Lindsay Davies, Ph.D., Chief Scientific Officer, NextCell Pharma
The current economic climate is strongly impacting trends and foci in the pharmaceutical industry. Innovation and products in development continue to present at a steady rate, but access to financial resources has been tightened, increasing the need for pharmaceutical developers to strengthen and better define their business plans and inflection points when looking for investment. Investors have recognized that, with the need to streamline development pathways, and sustainability sitting at the forefront of biotech business modelling, scalability and automation are of growing importance, with the use of AI influencing all of us on differing levels for business planning and growth.
Investors are also responding to changes in the regulatory space, especially with respect to the Health Technology Assessment, which are shaping drug development pathways especially within Europe, impacting drug pricing and reimbursement considerations and route to market.
Priya Baraniak, Ph.D., Chief Business Officer, OrganaBio
There has been a significant amount of mergers and acquisitions activity in the sector from late 2023 through the first half of 2024. This has especially been true for collaborative deals that saw amalgamations of complementary or synergistic technology platforms.
In general, pharma companies seem to be focusing on later-stage and commercial assets instead of early-stage development, presumably a conservative approach but one that could have ramifications for the next generation of therapies. However, most have retained the patient-centric focus we have come to expect.
We are seeing continued strong funding for cancer research, but conversely, some technologies that had been exclusively in the cancer space are expanding — specifically, new applications of CAR-T and other cell therapies in autoimmune diseases.

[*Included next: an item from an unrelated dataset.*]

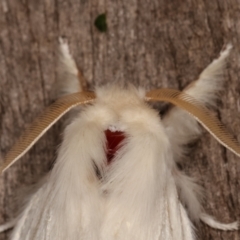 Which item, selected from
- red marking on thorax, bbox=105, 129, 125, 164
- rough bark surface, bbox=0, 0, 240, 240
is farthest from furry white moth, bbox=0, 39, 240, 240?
rough bark surface, bbox=0, 0, 240, 240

This is a huge positive, as it all will lead to a more rapid advancement of the field and growing applications for greater numbers of patients suffering from broader variety of diseases.
David McErlane, Group President, Biologics, Catalent
Despite COVID-19 and recent transitory biotech funding issues, the industry has continued to invest in innovation. Annual research and development spend has grown almost 10% annually since 2019 to reach an estimated record $300 billion this year, yielding a record number of active drugs in development. And this pipeline growth is broad-based; while new modalities like cell and gene therapies have almost doubled, industry mainstay modalities like antibodies and small molecules are up more than one-third.
Since much of this pipeline expansion has been driven by non-large cap companies with smaller in-house capabilities or capacity, CDMOs have stepped forward to meet the challenge and have invested billions of dollars expanding both development and commercial capacity to enable these innovative treatments to reach patients who need them.